Ein solcher Ausschlusstatbestand ist die so genannte „Erprobungsklausel / Experimentierklausel“.

Wachsende Bedeutung gewinnt diese Klausel für den Versicherungsschutz vor allem deshalb, weil durch den steigenden Druck der Märkte auf die Wirtschaft der Zwang zu kürzeren Produktzyklen, und damit auch zu kürzeren Erprobungsphasen steigt. Daraus resultieren zunehmend Produktmängel, die in der Folge vermehrt zu Haftpflichtansprüchen führen.

Die tägliche Praxis zeigt uns leider, dass bei der Abwicklung von Haftpflicht-Schadenfällen diese Erprobungsklausel in der letzten Zeit von den Versicherern standardmäßig thematisiert und somit der Versicherungsschutz häufig verweigert wird.
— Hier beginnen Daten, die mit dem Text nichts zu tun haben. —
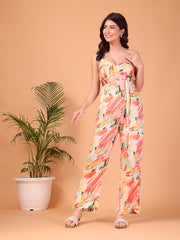 Multicolor Satin Jumpsuit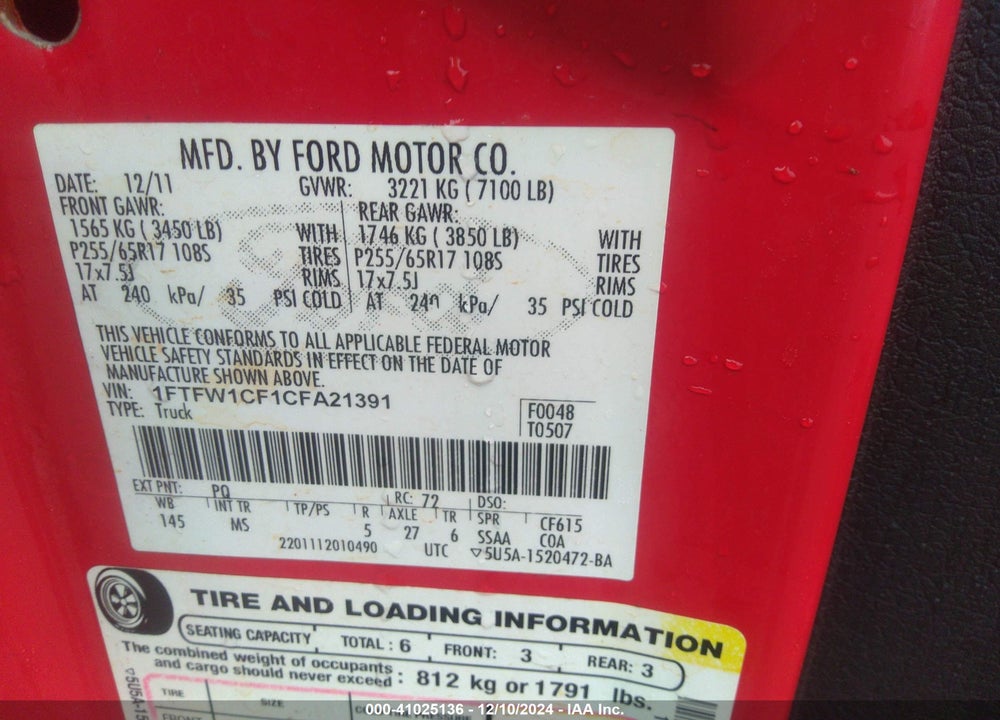 2012 FORD F-150 XLT VIN: 1FTFW1CF1CFA21391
Derzeit wird in Haftpflichtpolicen für die Erprobungsklausel eine mehr oder weniger gleichlautende Formulierung verwendet:

Ausgeschlossen sind „Ansprüche aus Sach- und Vermögensschäden durch Erzeugnisse, deren Verwendung oder Wirkung im Hinblick auf den konkreten Verwendungszweck nicht nach dem Stand von Wissenschaft und Technik oder in sonstiger Weise ausreichend erprobt waren“.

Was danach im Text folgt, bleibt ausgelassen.